◆ WORK REQUEST
Pictures in the listing below are skipped, while the lines from the "JWWN Toddler Boys" line through the "Photo of 3100" line are returned word for word.

◆ MATERIAL SHOWN
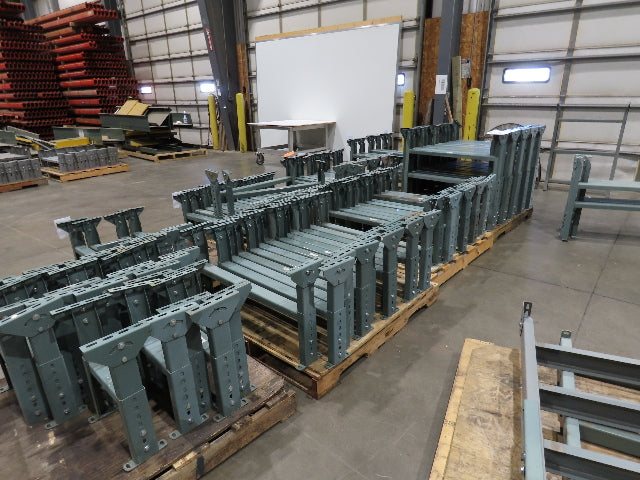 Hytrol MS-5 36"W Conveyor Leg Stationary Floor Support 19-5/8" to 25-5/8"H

--

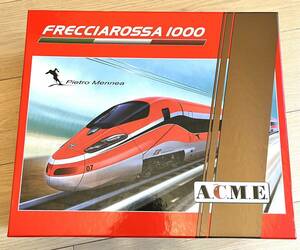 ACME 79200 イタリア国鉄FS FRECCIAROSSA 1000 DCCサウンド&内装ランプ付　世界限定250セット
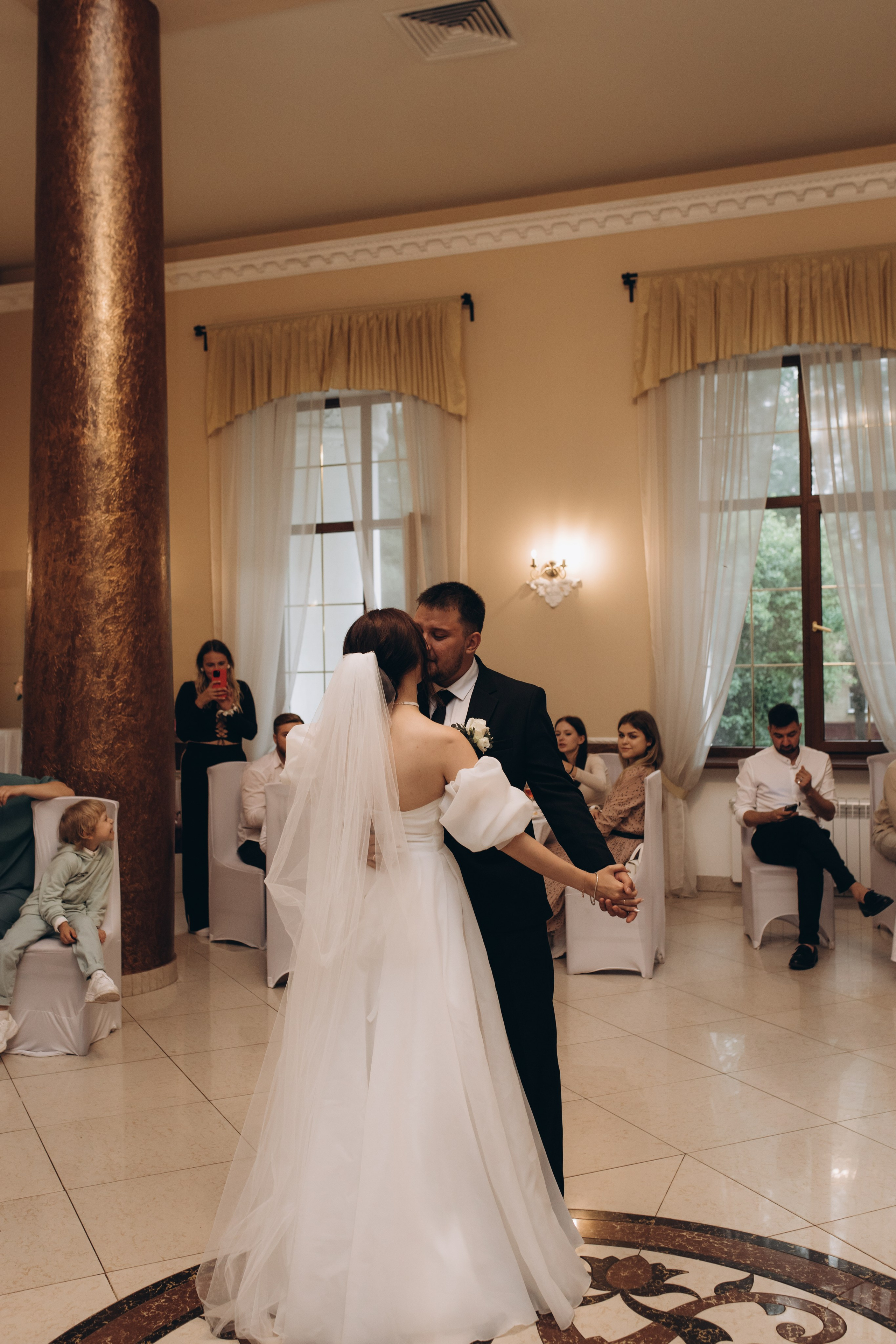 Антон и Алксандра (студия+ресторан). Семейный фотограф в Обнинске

* * *

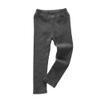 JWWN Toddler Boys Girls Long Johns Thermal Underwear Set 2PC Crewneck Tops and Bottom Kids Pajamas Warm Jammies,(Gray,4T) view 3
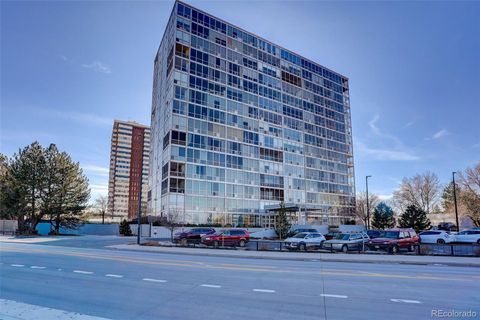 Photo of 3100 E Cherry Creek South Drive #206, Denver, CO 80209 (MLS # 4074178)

◆ ANSWER BOX
 JWWN Toddler Boys Girls Long Johns Thermal Underwear Set 2PC Crewneck Tops and Bottom Kids Pajamas Warm Jammies,(Gray,4T) view 3
 Photo of 3100 E Cherry Creek South Drive #206, Denver, CO 80209 (MLS # 4074178)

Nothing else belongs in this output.